- REUTERS/Christian Hartmann
Berdasarkan Peraturan Daerah (Perda) DKI Nomor 8 Tahun 2007 Tentang Ketertiban Umum, Kukuh mengatakan, institusi penegakan hukum milik DKI, yakni Satpol PP, hanya bisa sebatas melakukan razia ke tempat-tempat yang dicurigai sebagai lokasi terjadinya tindakan prostitusi.
"Satpol PP hanya bisa bergerak pada koridor razia," ujar Kukuh saat dihubungi melalui sambungan telepon pada Jumat, 15 Mei 2015.
Usai melakukan razia, Kukuh mengatakan, Penyidik Pegawai Negeri Sipil (PPNS) kemudian akan membuatkan Berita Acara Penyidikan (BAP) untuk warga yang terkena razia. BAP itu kemudian diserahkan kepada aparat berwenang di tingkatan pemerintah pusat, yakni pihak kepolisian atau kejaksaan.

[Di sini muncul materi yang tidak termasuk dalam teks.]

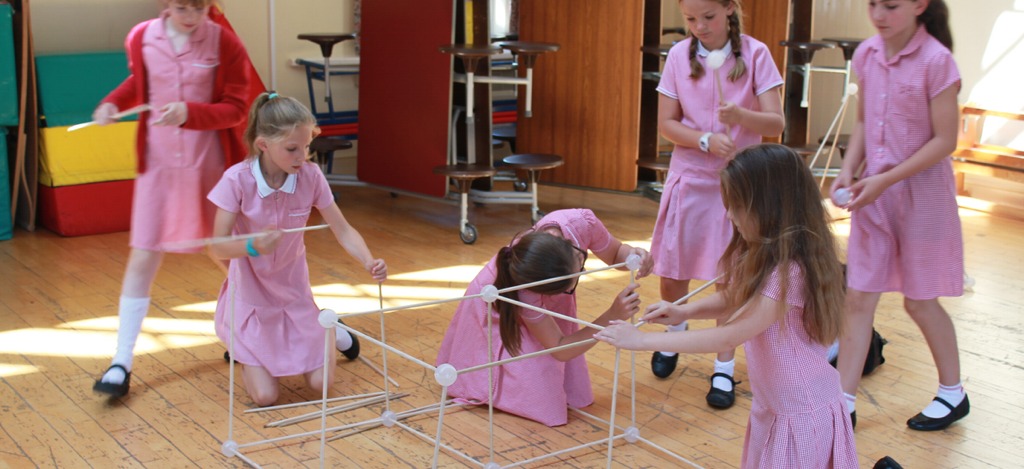 Pupils working together to build a cube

"Aparat berwenang di tingkatan pemerintah pusat itu yang memiliki domain untuk mengadili. Meski kami yang menangkap, tetap mereka yang menentukan apakah warga yang ditangkap ini telah melakukan pelanggaran atau tidak," ujar Kukuh.
Meski demikian, Kukuh mengatakan, Pemerintah Provinsi DKI Jakarta tetap berupaya untuk meminimalisir keberadaan praktik prostitusi dengan cara mencari celah hukum untuk melakukan penindakan.

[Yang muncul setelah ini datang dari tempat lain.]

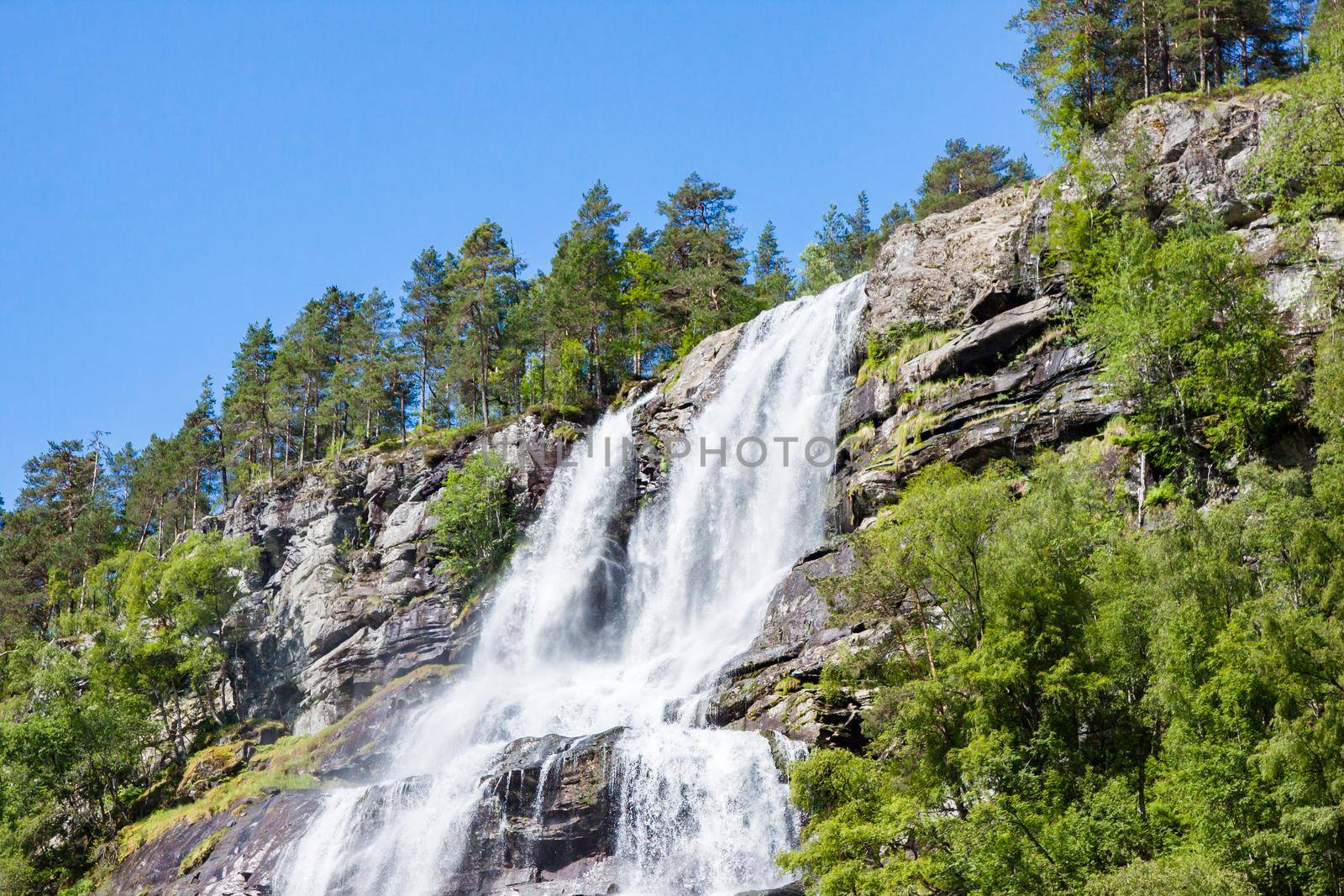 View of Tvindefossen or Tvinnefossen waterfall near Voss in Norway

Contohnya, kata Kukuh, Satpol PP dan Dinas Perumahan dan Gedung Pemda beberapa waktu yang lalu bekerjasama untuk mencari rumah-rumah kos yang dicurigai sebagai tempat terjadinya praktik prostitusi.
Kukuh mengatakan Dinas Perumahan menyelidiki segala macam perizinan yang seharusnya dimiliki oleh sebuah rumah kos. Saat rumah kos yang dicurigai sebagai tempat terjadinya tindak prostitusi itu tidak memiliki 1 saja izin yang dipersyaratkan, Kukuh mengatakan, maka Satpol PP segera melakukan tindakan pembongkaran.
"Kami sudah melakukan tindakan seperti ini salah satunya ke rumah-rumah kos yang ada di Tebet (TKP pembunuhan terhadap PSK Deudeuh). Kami bongkar, kami bereskan, karena rumah kos itu ternyata berdiri di atas jalur hijau," ujar Kukuh.